::: Supplied information :::
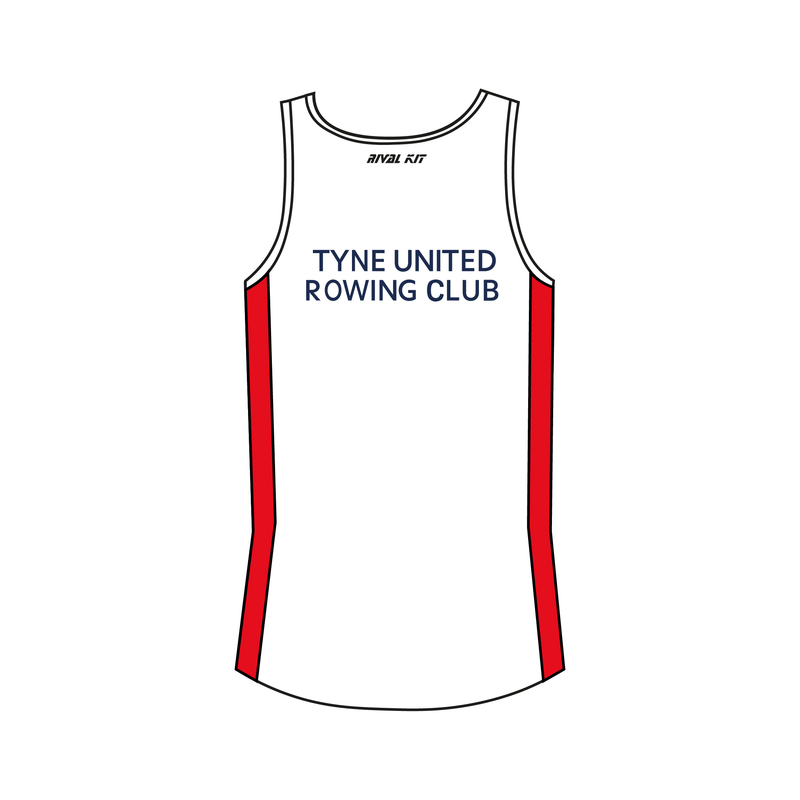 Tyne United RC Gym Vest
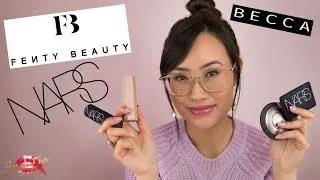 Thumbnail: How To Apply Blush And Bronzer | Sarah Enn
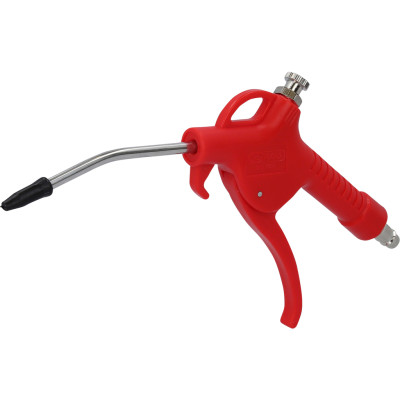 KS Tools persluchtblaaspistool met debietregeling (515.1901)
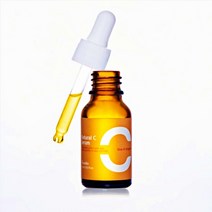 화도 네추럴C 세럼 바르는 비타민C 미백기능성, 1개, 15ml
:::
# Task prompt
Your response should reproduce the entire listing verbatim, minus the pictures.

# Response to this exercise
 Tyne United RC Gym Vest
 Thumbnail: How To Apply Blush And Bronzer | Sarah Enn
 KS Tools persluchtblaaspistool met debietregeling (515.1901)
 화도 네추럴C 세럼 바르는 비타민C 미백기능성, 1개, 15ml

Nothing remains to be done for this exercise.